I spoke with our team about this further and confirmed that the domain used is based on which URL is set as the default domain. If no domain was set as the default, there’s a lot of additional logic to prioritize specific domains over others.
With this in mind, I’d suggest setting a default domain prior to publishing your projects going forward.
Thanks @Brando - unfortunately setting a default domain isn’t a viable solution, as we then lose access to the use of the staging.* URL (since it redirects all others to the default). Essentially if we used the default domain setting, we wouldn’t encounter this issue.
It’s a bummer that there’s not more clarity around which URL is selected for the sitemap - that would make this issue something we could workaround. But I do appreciate the responses! If you ever decide to document the specifics, it would be much appreciated!
Hi @nealwhite, that is a good point, until the feature changes.

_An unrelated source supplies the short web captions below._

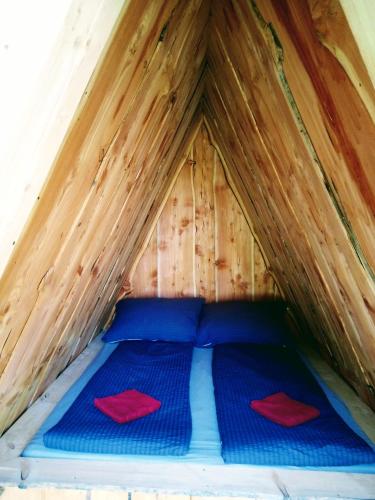 ein Bett in einem Zelt mit zwei roten Kissen darauf in der Unterkunft Camping Dreieck in Lenzing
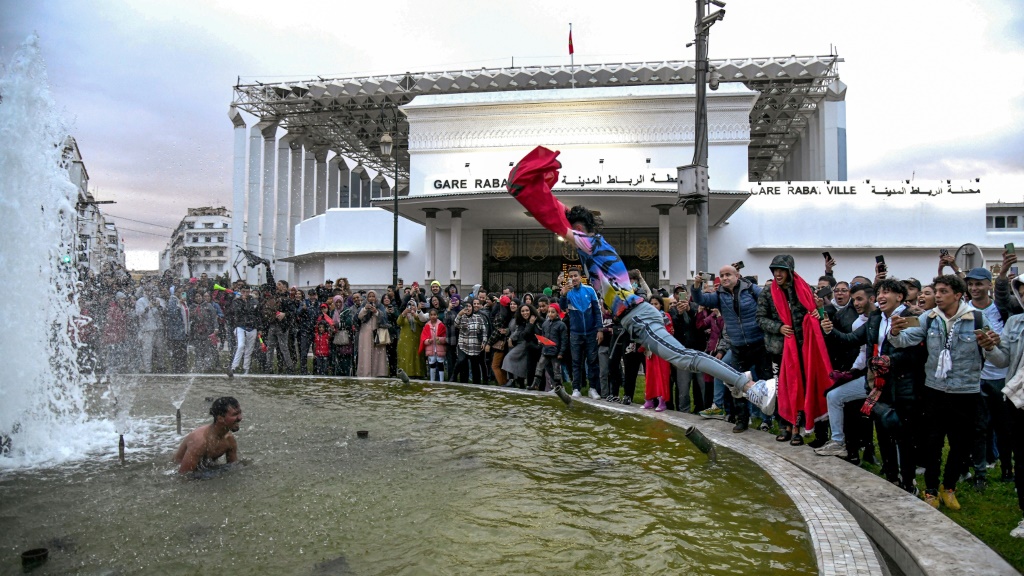 A fan celebrated by jumping into a fountain outside Rabat's Central Railway Station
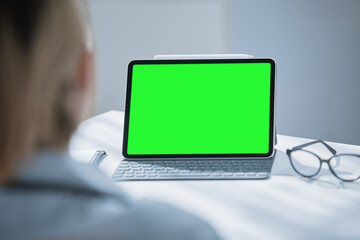 Medical worker a woman in a white coat uses a tablet in the office at the Desk, chromakey on the tablet screen, a view over her shoulder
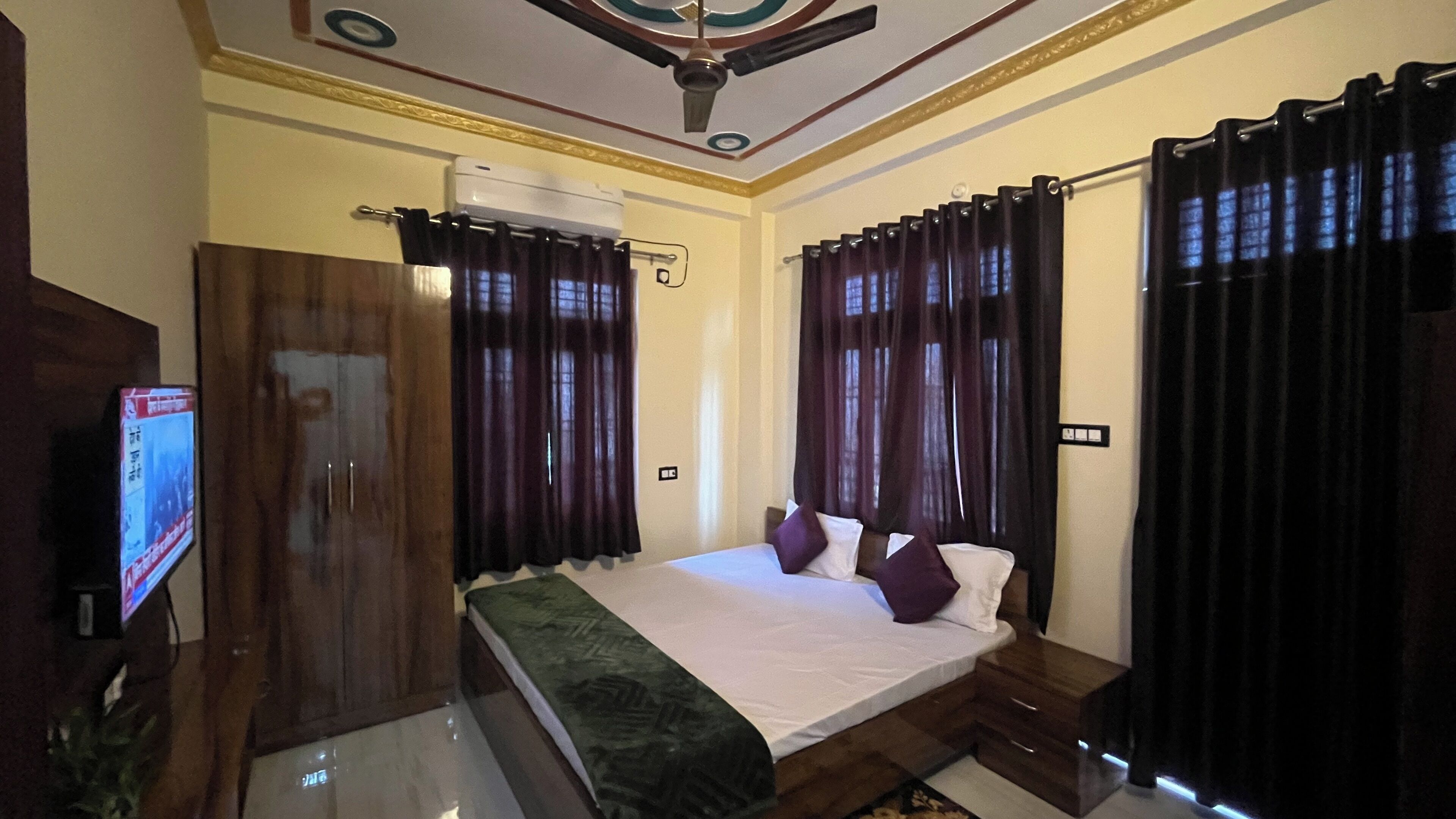 A hotel room with a bed, a TV, a wardrobe, and curtains.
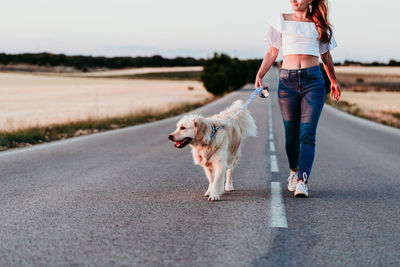 Woman walking with dog on road amidst field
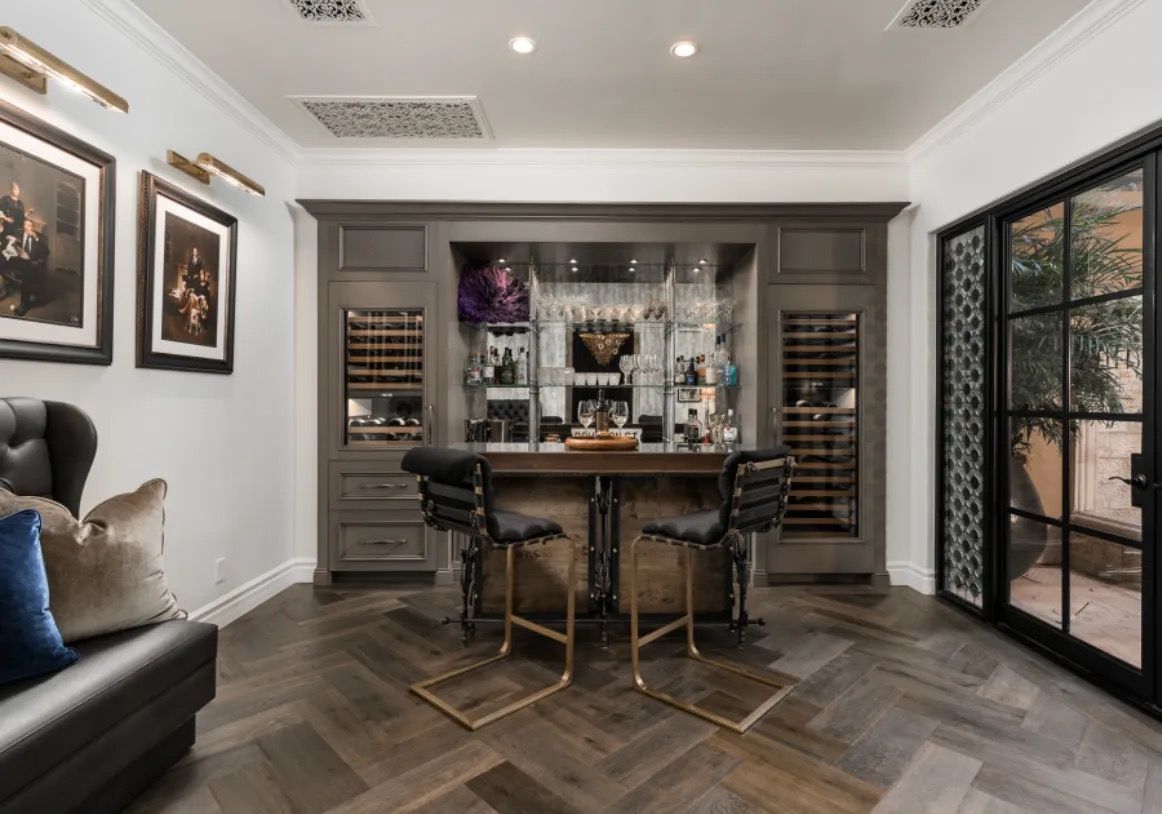 Home bar with wood accents, including wine storage, seating, and open glass door to outdoor area.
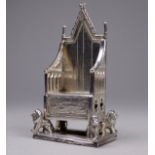 A silver Coronation chair - indistinct marks, height 7.7cm, width 4cm, weight 41g.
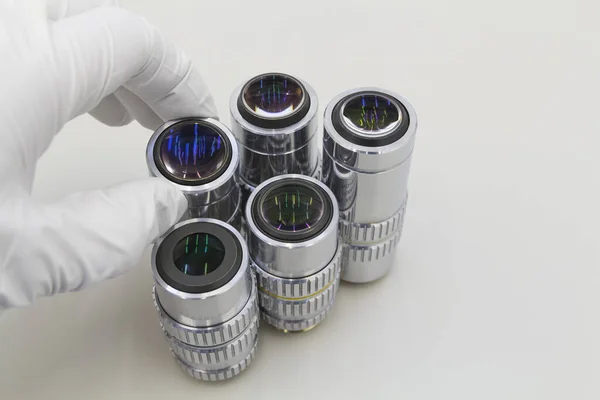 Detalle de la lente del microscopio sobre fondo blanco.Acercamiento de los objetivos del microscopio. —  Fotos de Stock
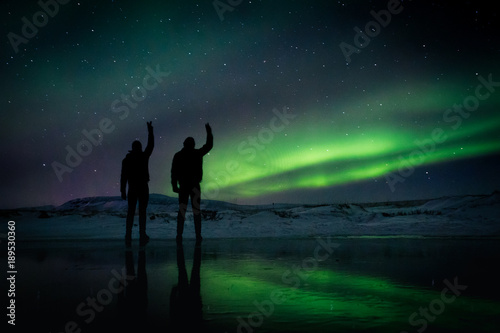 two men silhouettes raise their hands in a peace sign in front of the Northern Lights in Iceland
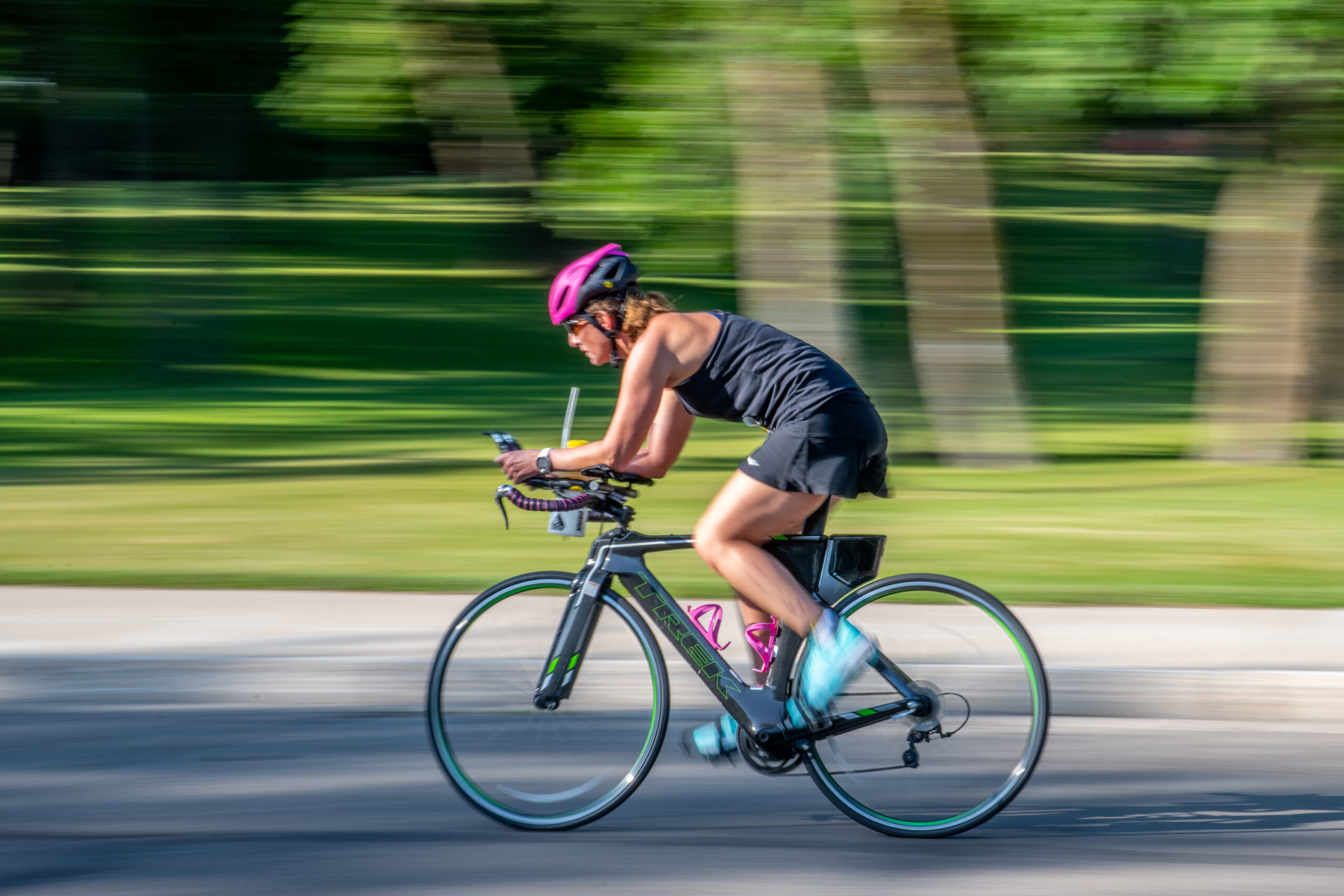A triathlon competitor speeds by on a bike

Will put up an update for that in the Help center doc on the sitemap, to point out that if no default domain is selected, all custom domains will be shown in the map without prioritization.
One other thing to try, is to setup a robots.txt entry in the SEO section of site settings, and disable crawling of the subdomain via robots.txt.
The sitemap.xml provides search engines with a direct path to each page of your site, which offer quick indexing for all the pages whereas robots.txt is used to tell search engines what pages to crawl and what not to crawl.